WORK REQUIRED
Return all of the data exactly as written, without the pictures.

RECORDED DATA
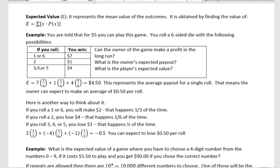Hi, it's Carly McAvoy. Today I'm talking about expected value, which represents the mean value of the outcomes. It's obtained by finding the value of the summation of the outcome times the probability of that outcome.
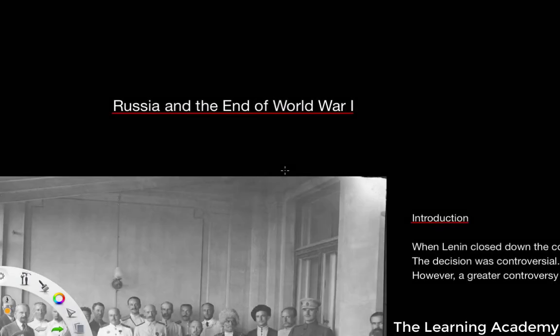As we follow event after event when it comes to the revolution in Russia between the February Revolution and the October Revolution, we've moved on to look at the subsequent developments of Bolshevik Authority after the October Revolution. What I want to do now is carry on this timeline and look at the ending of Russian involvement in World War I.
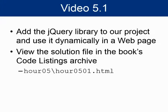In this Try It Yourself exercise, we'll download the jQuery library from their website, add it to our project, and use it dynamically in a webpage. The completed solution file can be found in the book's code listings archive. Look in the Hour5 folder for an HTML file entitled Hour0501.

TASK SOLUTION
Hi, it's Carly McAvoy. Today I'm talking about expected value, which represents the mean value of the outcomes. It's obtained by finding the value of the summation of the outcome times the probability of that outcome.
As we follow event after event when it comes to the revolution in Russia between the February Revolution and the October Revolution, we've moved on to look at the subsequent developments of Bolshevik Authority after the October Revolution. What I want to do now is carry on this timeline and look at the ending of Russian involvement in World War I.
In this Try It Yourself exercise, we'll download the jQuery library from their website, add it to our project, and use it dynamically in a webpage. The completed solution file can be found in the book's code listings archive. Look in the Hour5 folder for an HTML file entitled Hour0501.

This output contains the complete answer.